Buying power. Perhaps the greatest benefit of excellent credit is buying power. While your FICO score measures creditworthiness, it also measures risk. A score of 740 tells lenders that you are equipped to handle the responsibilities of a new loan. This quality is especially important when it comes to:
Mortgages. As the primary household expense, a credit boost could save you thousands over the life of the loan. For example, suppose you buy a house valued at $250,000. According to MyFICO, a score of 740 means you’ll pay $1,157 per month, while a score of 650 means you’ll pay $1,276 per month. It may not seem like much of a difference, but you’ll pay nearly $43,000 more for a 30-year fixed mortgage. Thanks to higher interest rates attached to poor credit, homes of greater value are also out of reach.
Auto loans. Travelling from point A to B is easier with good credit in tow. A competitive score means businesses will work with you on MSRP price, car extras and even loan terms.
Student loans. Modern debt has a new face thanks to education costs. Attending college is nearly impossible without scholarships, grants or some kind of financing. While most student loan providers don’t require stellar credit to qualify, you’ll need it to secure the best interest rates available. Download our free e-book, Student’s Guide to Credit, to learn more.
Saving power. Savings aren’t a direct factor in credit scoring, but they can affect your creditworthiness and lifestyle in terms of:
Accruing interest. Good credit has the ability to significantly reduce how much you pay over the life of your loans. Put simply, the higher your credit score, the lower your interest rates. As we learned from the mortgage example, a higher credit score means you can afford to shop for a home based on its value rather than being limited by the added interest.
According to a Federal Reserve survey, nearly one-third of working Americans have no savings. What does this mean for their retirement? While most will continue working, those with health issues or other limitations will be forced to live on credit. This unfortunate inevitability will lead to overdue bills, collections, charge offs and bankruptcy.Saving money with better credit allows you to avoid these consequences and approach retirement on solid ground.

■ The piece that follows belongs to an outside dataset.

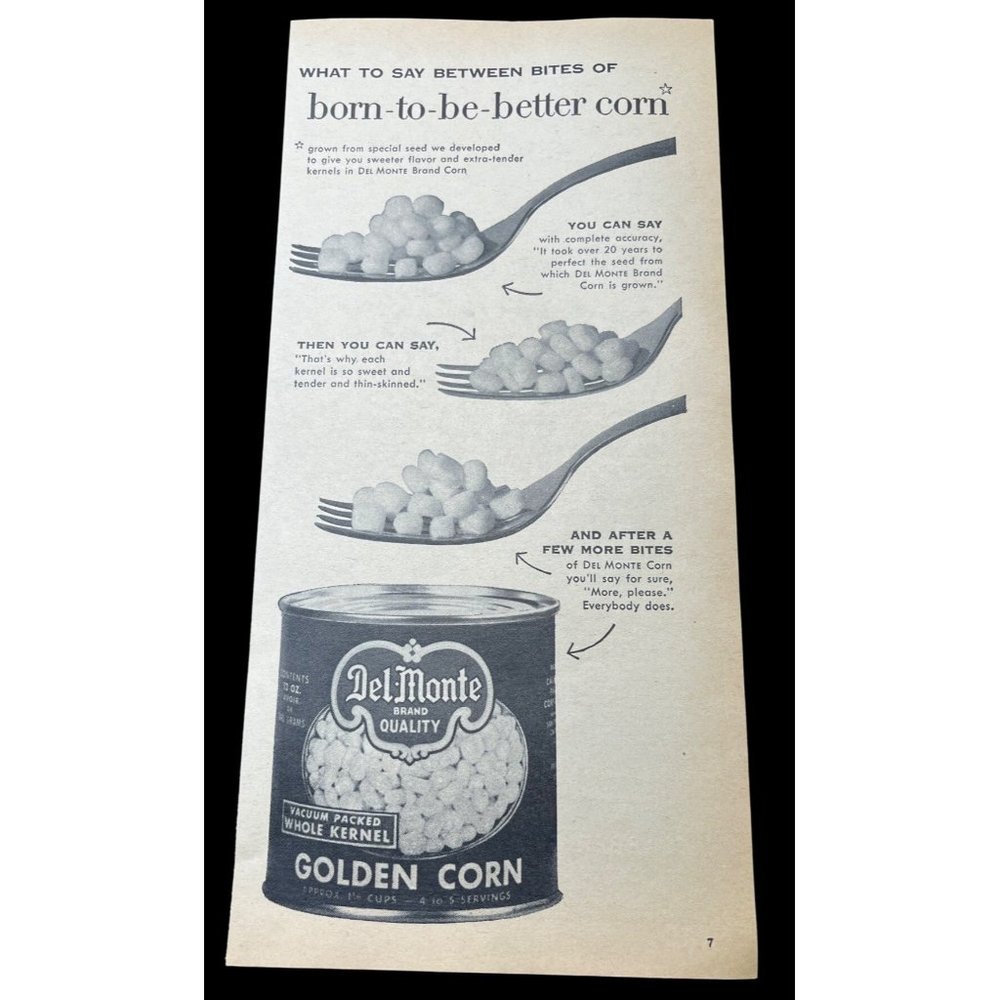 Del Monte Golden Corn Vintage Print Ad 1954 Food Kitchen Decor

As many retirees will learn, it’s important to save for emergencies and unforeseen expenses. Injury, unemployment and rising cost of living are just a few of the reasons to set aside at least 10 percent of your income. Your efforts will help you avoid becoming overwhelmed by bills and mounting credit card debt.
Perks. In addition to buying and saving, the credit elite enjoy perks that are unavailable to their low-scoring counterparts. High-end credit cards offer their customers a variety of incentives to join and spend under their umbrella. For example, the American Express Platinum card only accepts applicants with good-to-excellent scores and provides travel benefits, shopping perks and one-of-a-kind experiences for customers — experiences that only creditworthiness can buy.